II. Cross-Motions for Summary Judgment

In their cross-motions for summary judgment, the parties dispute the amount of interest, if any, that FILI owes on the proceeds of the Policy.

A. Date Upon Which Interest Began to Accrue

FILI argues that if it is required to pay interest on the Proceeds, such interest did not begin to accrue until thirty days after November 8, 2010, which was the date upon which the Beneficiaries' and Majmudar's competing claims under the Policy were resolved. However, it is undisputed that the Policy in effect at the time of Ari Squire's death provides that "[i]nterest will be paid on [any amount to be paid at the death of the Insured] from the date of death or maturity. . . ." (PR SAF Par 3)(emphasis added); (B SAF Ex.

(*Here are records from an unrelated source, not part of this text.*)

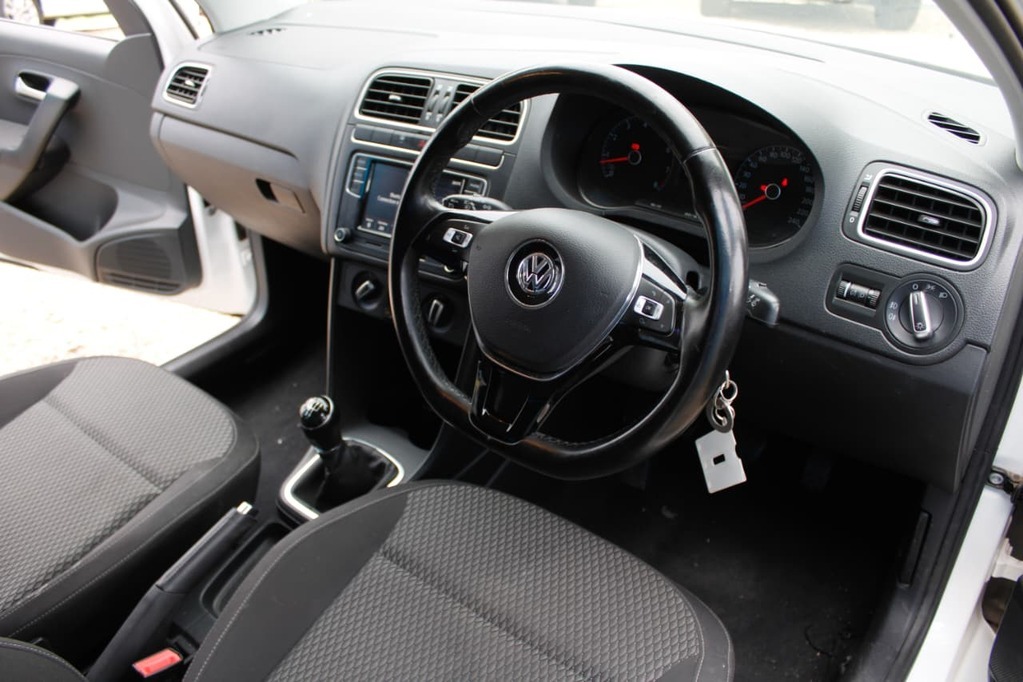 2020 VOLKSWAGEN POLO CLASSIC, White, 83542Kms, Manual, , Petrol, R209 900, Kuilsriver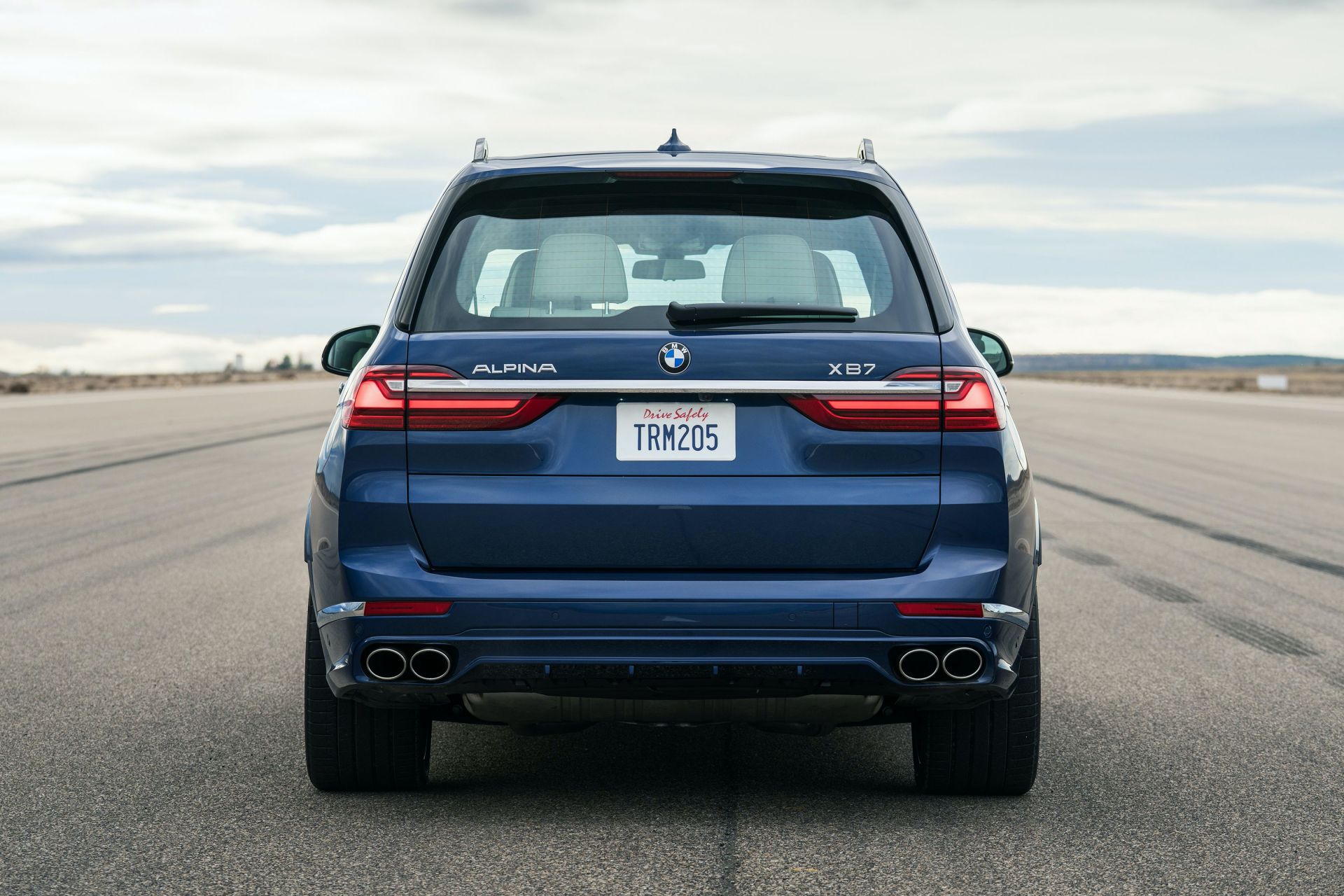 Download 2021 ALPINA XB7 - Rear HD Wallpaper 1920x1280 #10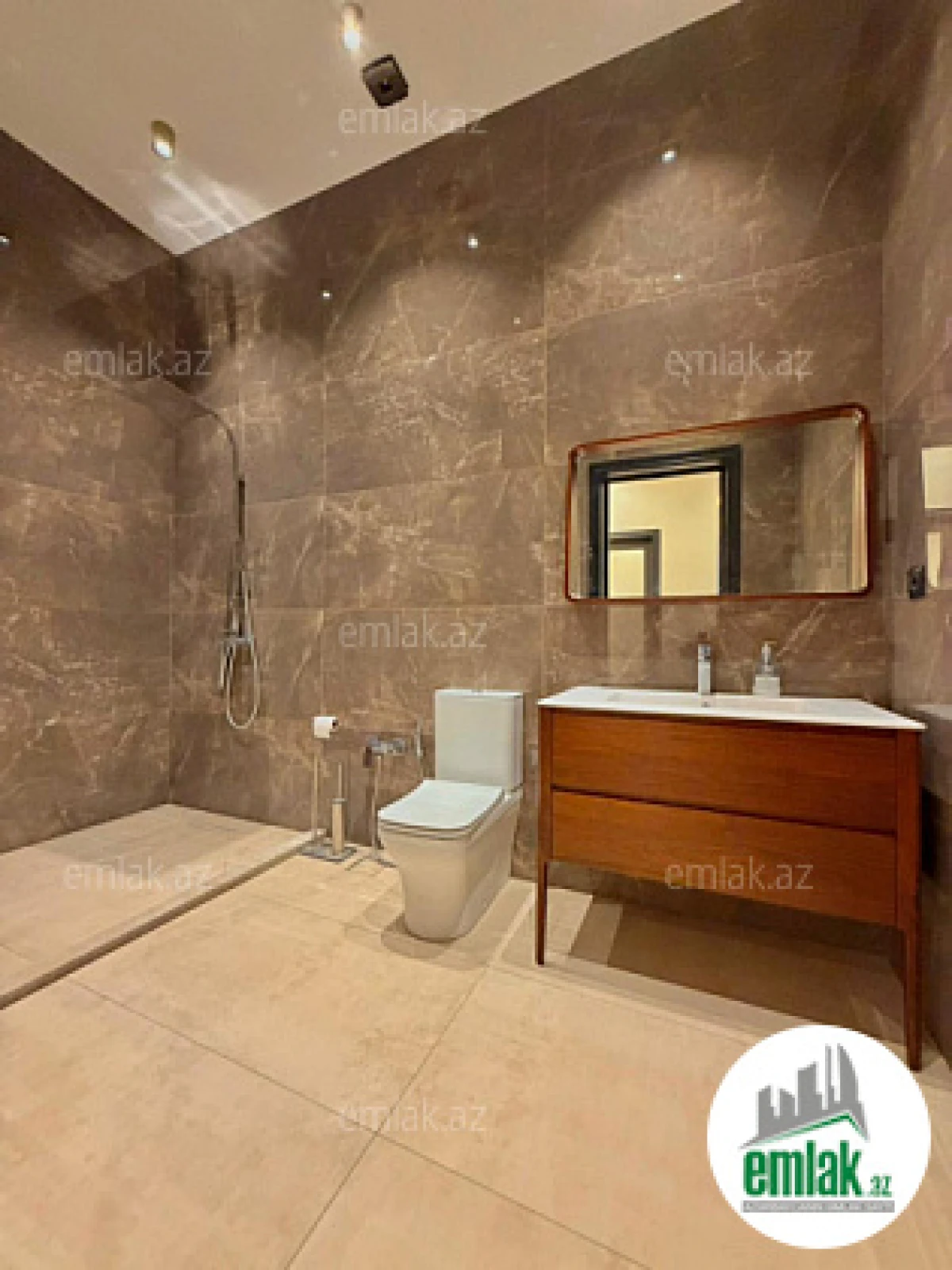 Satılır 5 otaqlı mənzil 300 m²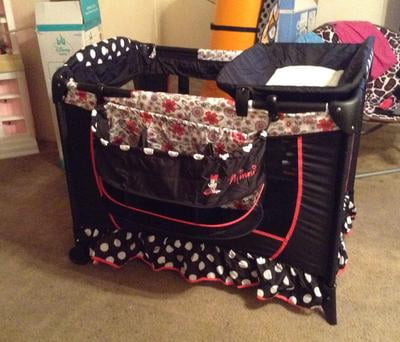 minnie mouse sweet wonder play yard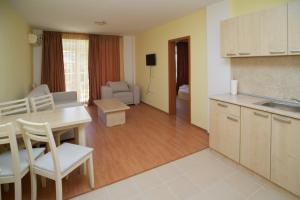 Gallery image of Aparthotel Anixi in Obzor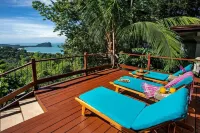 Lux Jungle Villa w/5 suites, Private Pool, Pacific Ocean Views, Game room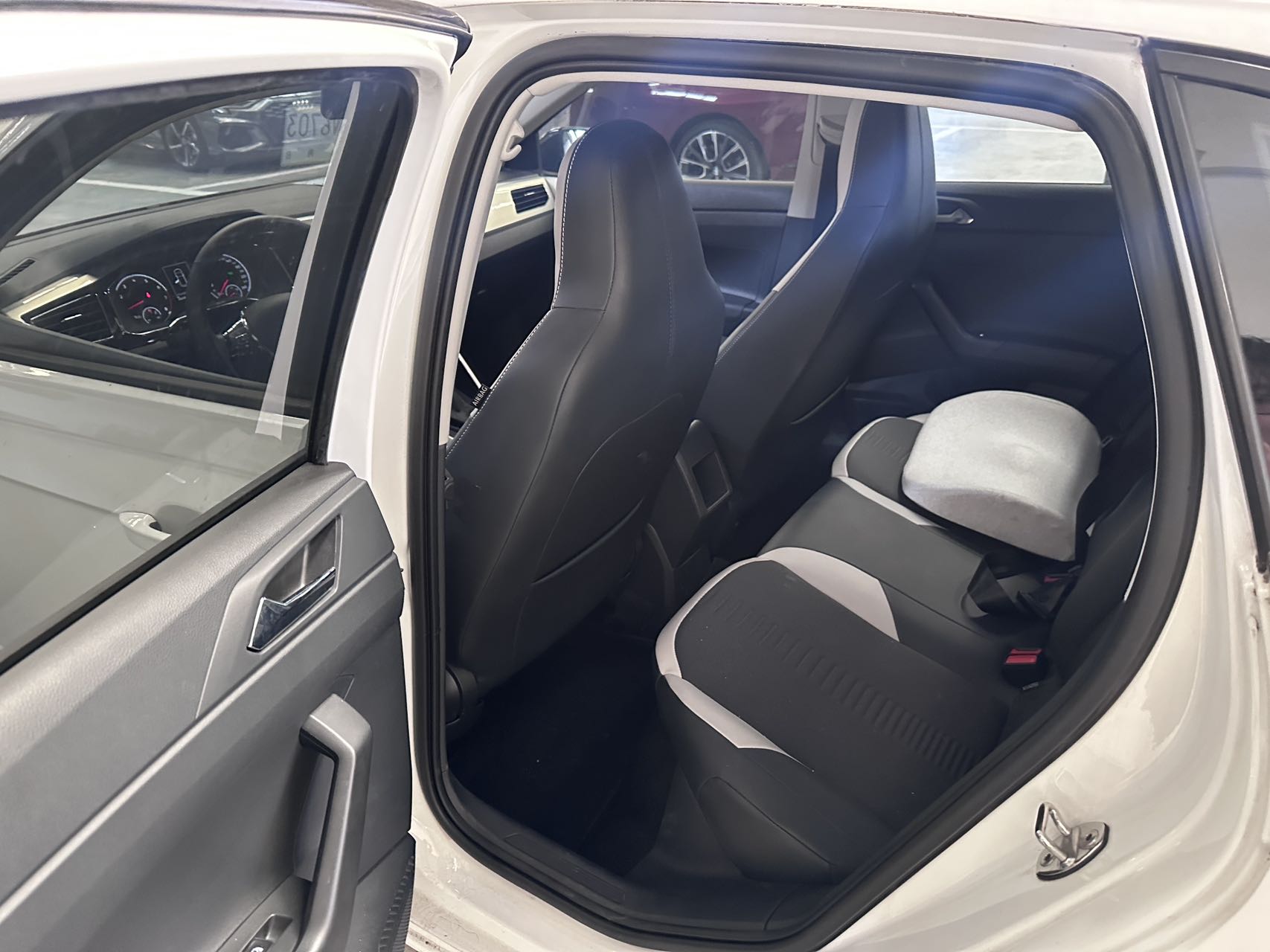 Volkswagen Polo Plus 1.5L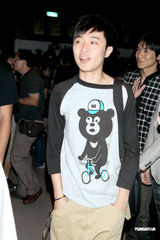 高清图：庾澄庆台北开唱 小S热情拥抱并送上蛋糕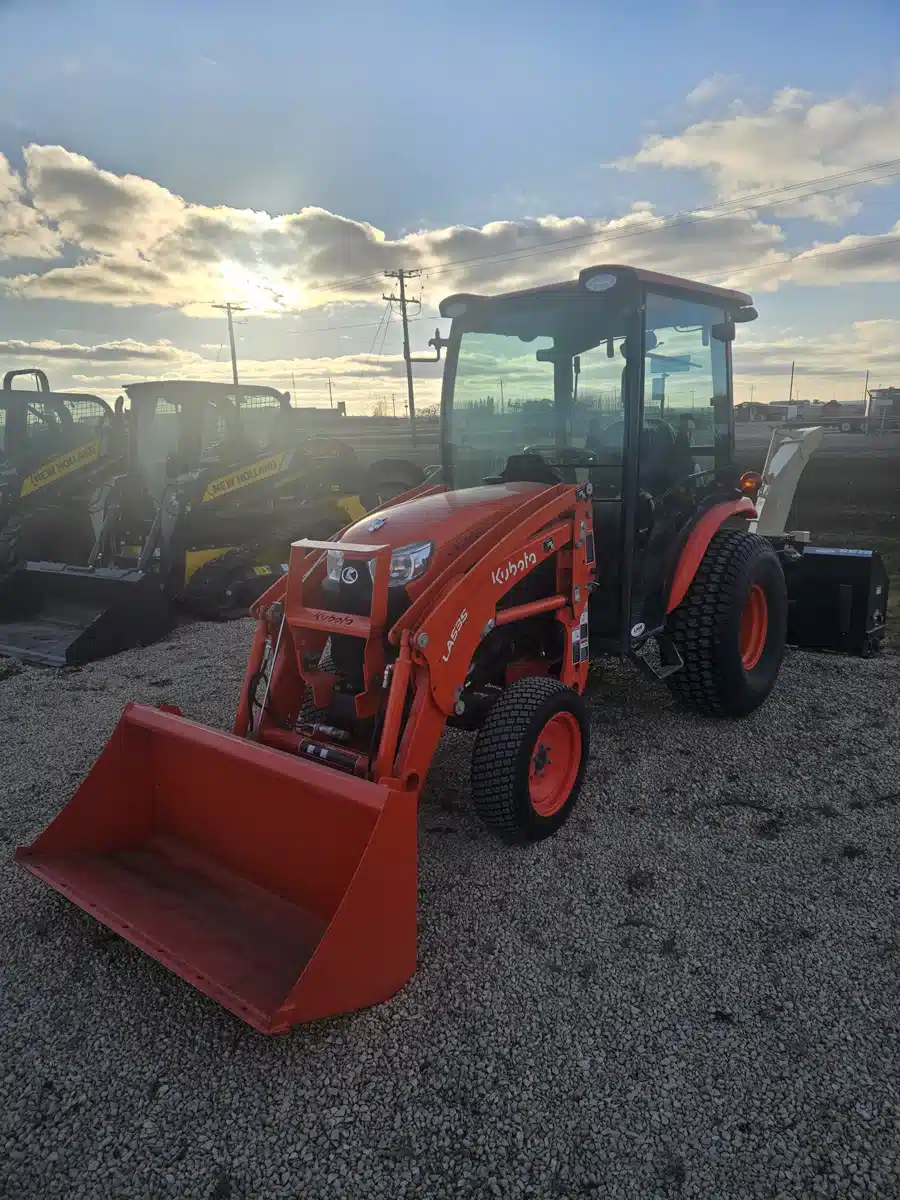 Used 2020 Kubota LX2610 Tractor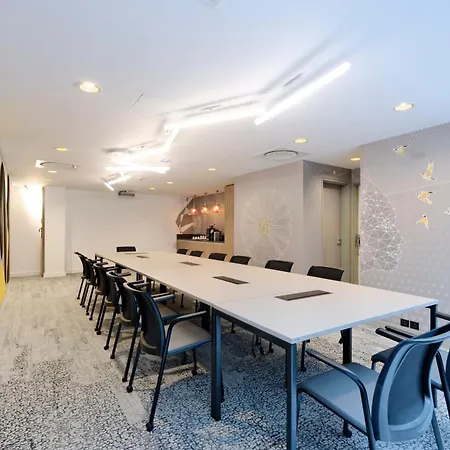 فندق Centre By Ihg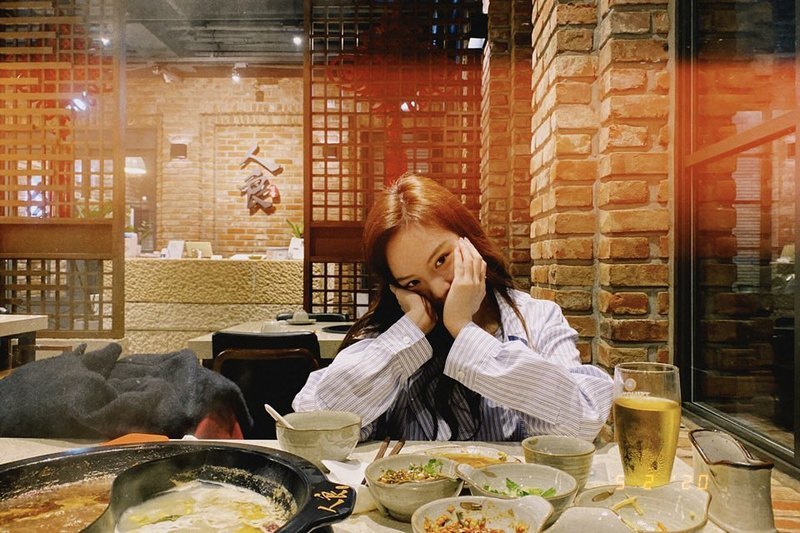 Lee Yul-em has revealed a beautiful current situation.Actor Lee Yul-em posted a picture on his Instagram on May 5 with an article entitled Ive fallen into a film camera these days.The photo shows Lee Yul-em posing naturally in the restaurant, with a dreamy atmosphere that makes everyday life a pictorial.kim myeong-mi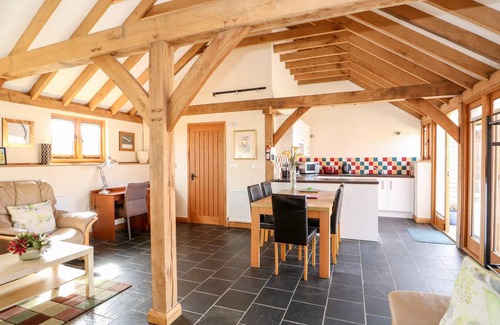 Hunstanton Cottage | Cabin ∙ 2 bedrooms ∙ 4 guests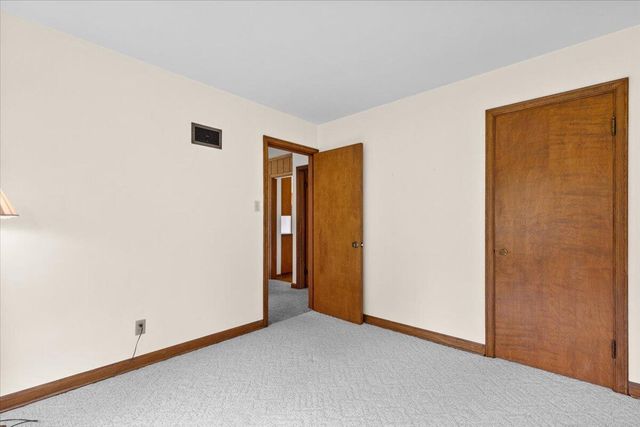 297 Lincoln DRIVE S, West Bend, WI 53095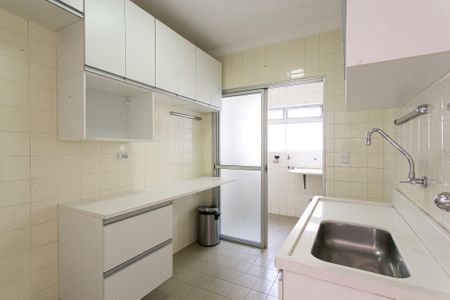 Apartamento à venda com 99m², 3 quartos e 1 vaga Apartamento à venda com 99m², 3 quartos e 1 vagaCozinha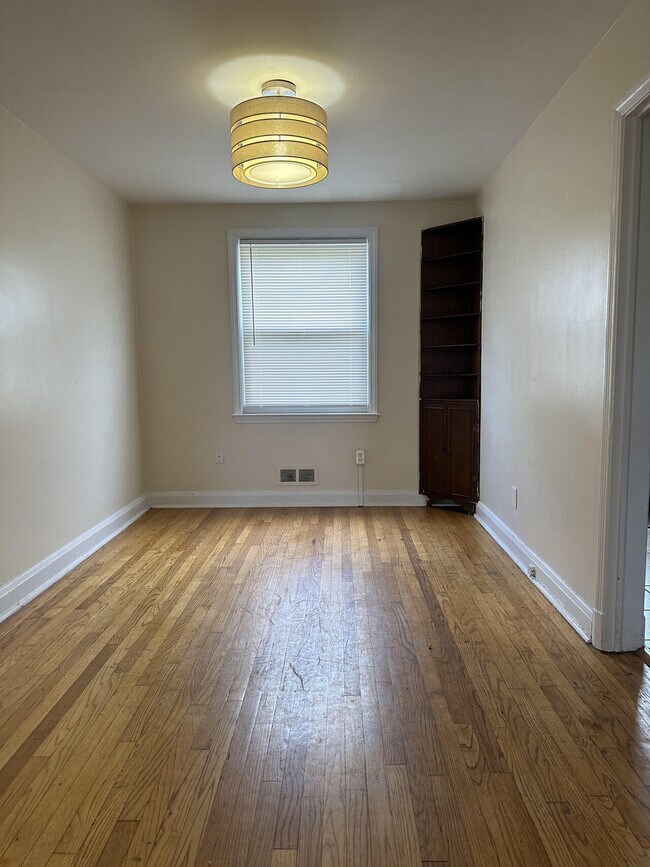Building Photo - 3 bedroom 1.5 bathroom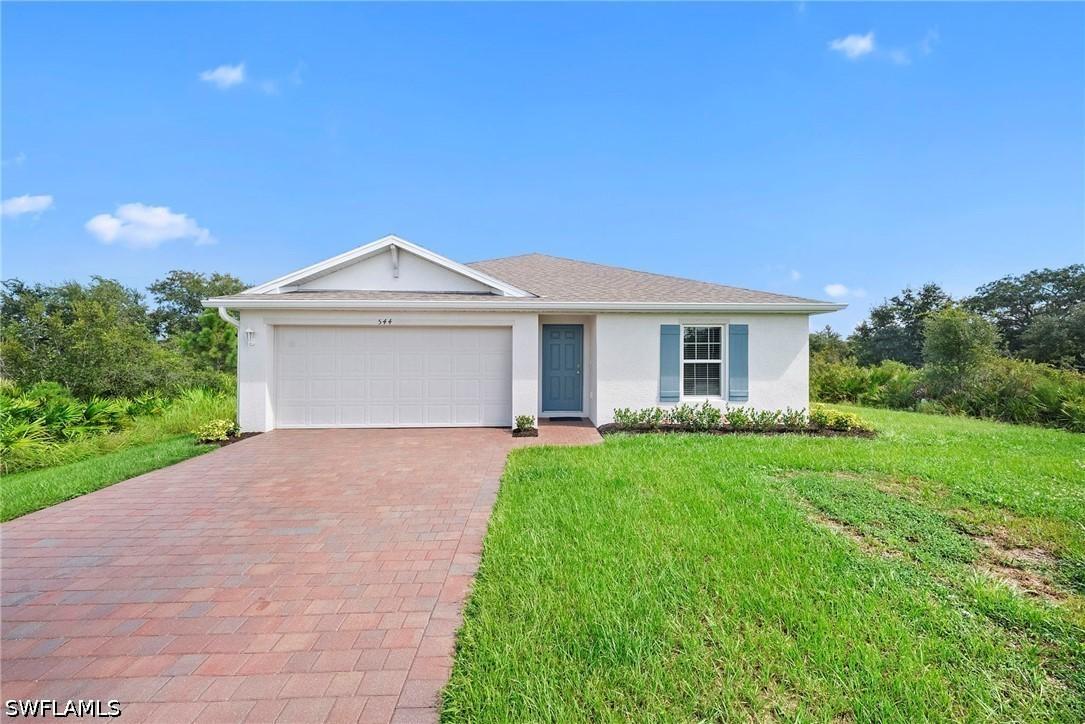 544 Woodview Dr., Lehigh Acres, FL 33972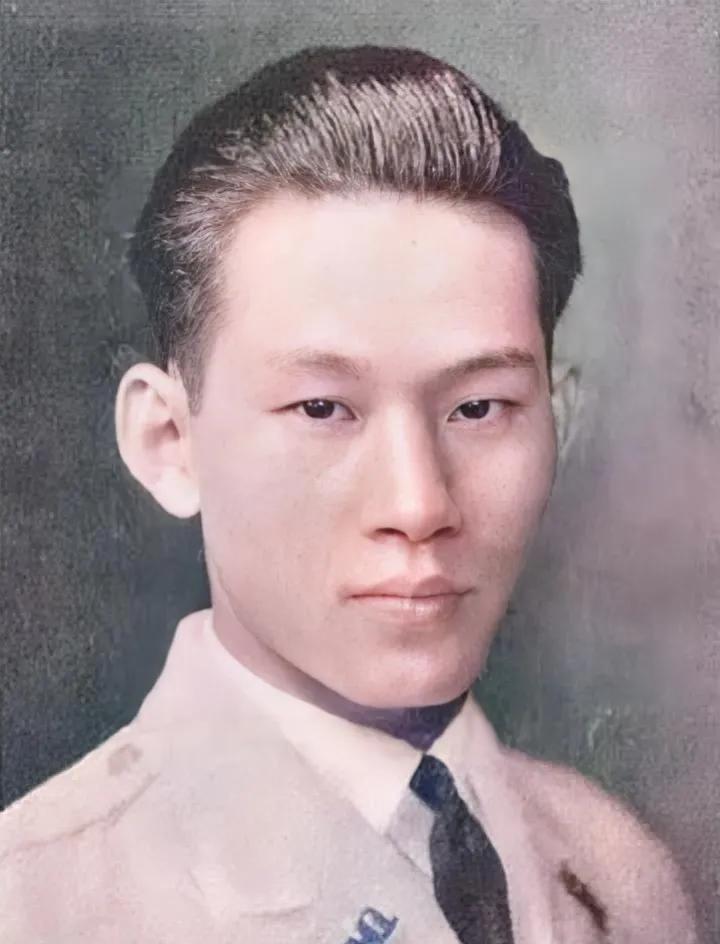 1926年，孙立人将军，在美国弗吉尼亚军校的毕业照，镜头中的他五官端正，容貌俊朗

C, 13). It is also undisputed that Ari Squire died on March 2, 2008. (PR SF Par. 6). Under Illinois law, "[i]f the terms of [a] contract are unambiguous, the court must enforce the contract as written." Janiga v. Questar Capital Corp., 615 F.3d 735, 742-43 (7th Cir. 2010). In the instant action, the terms of the contract are unambiguous, and FILI's arguments that the express terms of the contract should be ignored based on the timing of the Beneficiaries' claims, the procedural history of the instant action, and public policy concerns are unpersuasive. Further, payment of interest from the date of death is consistent with the provisions of the Illinois Interest Act, 815 ILCS 205/2, which relates to interest owed on any money that becomes due under an "instrument of writing," such as an insurance policy. Id.; See Aulich v. Aetna Life Ins. Co., 428 N.E.2d 703, 705 (Ill. App. Ct. 1981)(stating that "[p]rejudgment interest is due upon insurance benefits where . . . the sum due is subject to exact computation even though the insurer has a good faith legal defense"). Therefore, the court finds that interest began to accrue on March 2, 2008, the date upon which Ari Squire died.

B. Date Upon Which Interest Stopped Accruing

The Beneficiaries contend that since FILI has not yet paid the interest required to be paid under the Policy, interest continues to accrue at a rate of 9%. In making their argument, the Beneficiaries rely on 215 ILCS 5/224 (Section 224 of the Illinois Insurance Code), which requires that Illinois life insurance policies include payment of "[i]nterest [that accrues] on the proceeds payable because of the death of the insured, from date of death, at the rate of 9% on the total amount payable. . . ." 215 ILCS 5/224(1)(l). It is undisputed that the Policy indicates that "[i]nterest will be paid on [any amount to be paid at the death of the Insured] . . . [until the] date of payment." (PR SAF Par 3); (B SAF Ex. C, 13). The "amount to be paid at the death of the Insured" was $5,000,000.00, and the insured died on March 2, 2008. FILI paid the amount of $5,000,000.00 on January 12, 2011. (PR SAF Par. 1, 22). Therefore, the court finds that the Beneficiaries were entitled to 9% interest on the $5,000,000.00 from March 2, 2008 until January 12, 2011. Applying the statutory 9% rate to the $5,000,000.00 in Proceeds due under the Policy for the period from March 2, 2008 until January 12, 2011 yields $1,298,219.00 in interest.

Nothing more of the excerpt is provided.